Task objective: Please repeat exactly the lines below from the line with "Nasal Cannula Continuous" to the line with "2025 Jeep Compass Latitude", including both, and leave out every picture.

Given data:
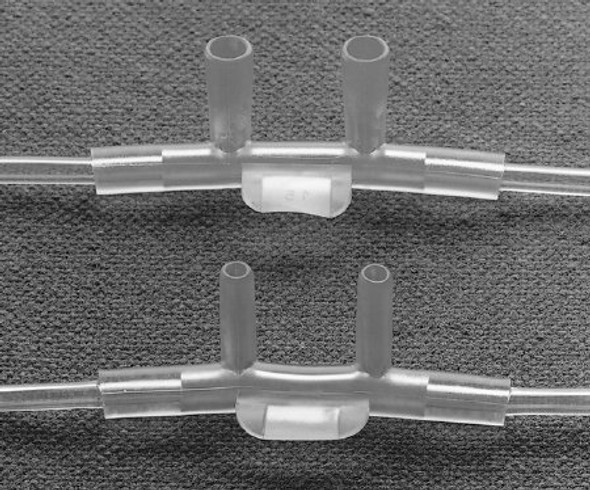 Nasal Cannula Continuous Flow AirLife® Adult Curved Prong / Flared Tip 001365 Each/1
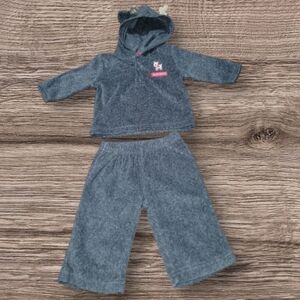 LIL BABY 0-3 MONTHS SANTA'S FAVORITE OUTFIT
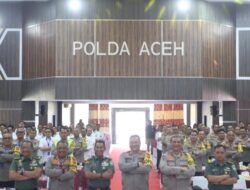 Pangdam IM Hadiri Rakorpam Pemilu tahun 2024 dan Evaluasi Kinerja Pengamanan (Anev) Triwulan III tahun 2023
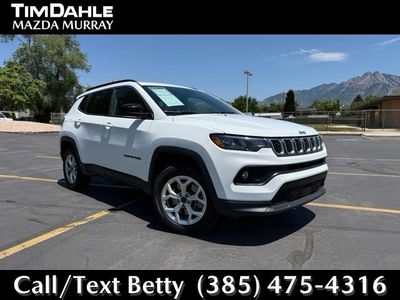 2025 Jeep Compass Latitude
...
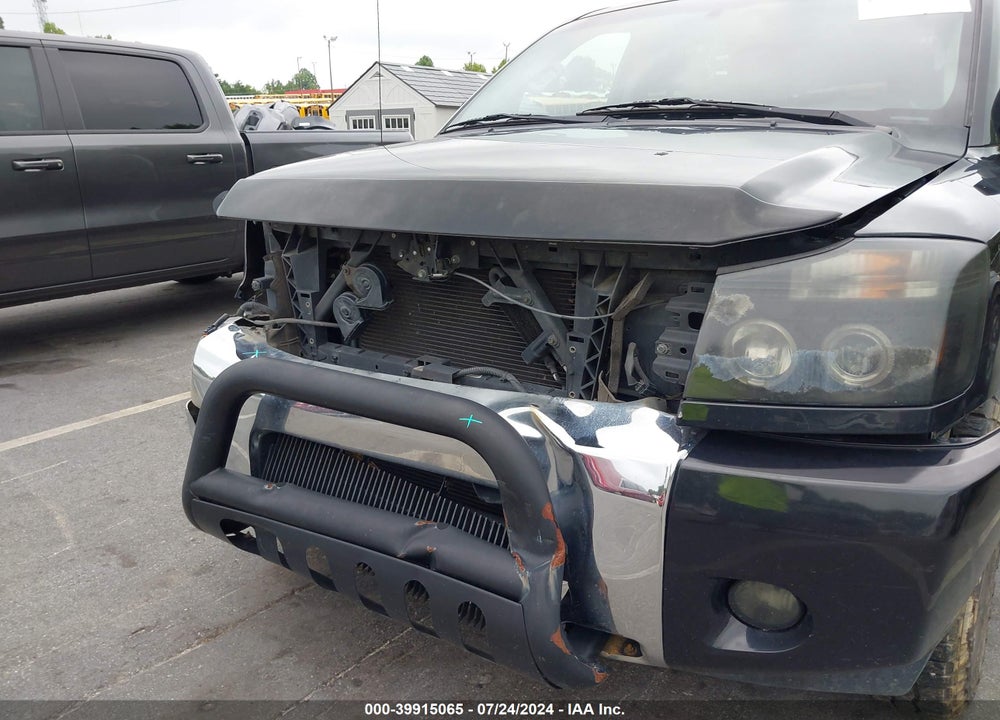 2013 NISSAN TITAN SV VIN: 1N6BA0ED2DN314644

Expected answer:
 Nasal Cannula Continuous Flow AirLife® Adult Curved Prong / Flared Tip 001365 Each/1
 LIL BABY 0-3 MONTHS SANTA'S FAVORITE OUTFIT
 Pangdam IM Hadiri Rakorpam Pemilu tahun 2024 dan Evaluasi Kinerja Pengamanan (Anev) Triwulan III tahun 2023
 2025 Jeep Compass Latitude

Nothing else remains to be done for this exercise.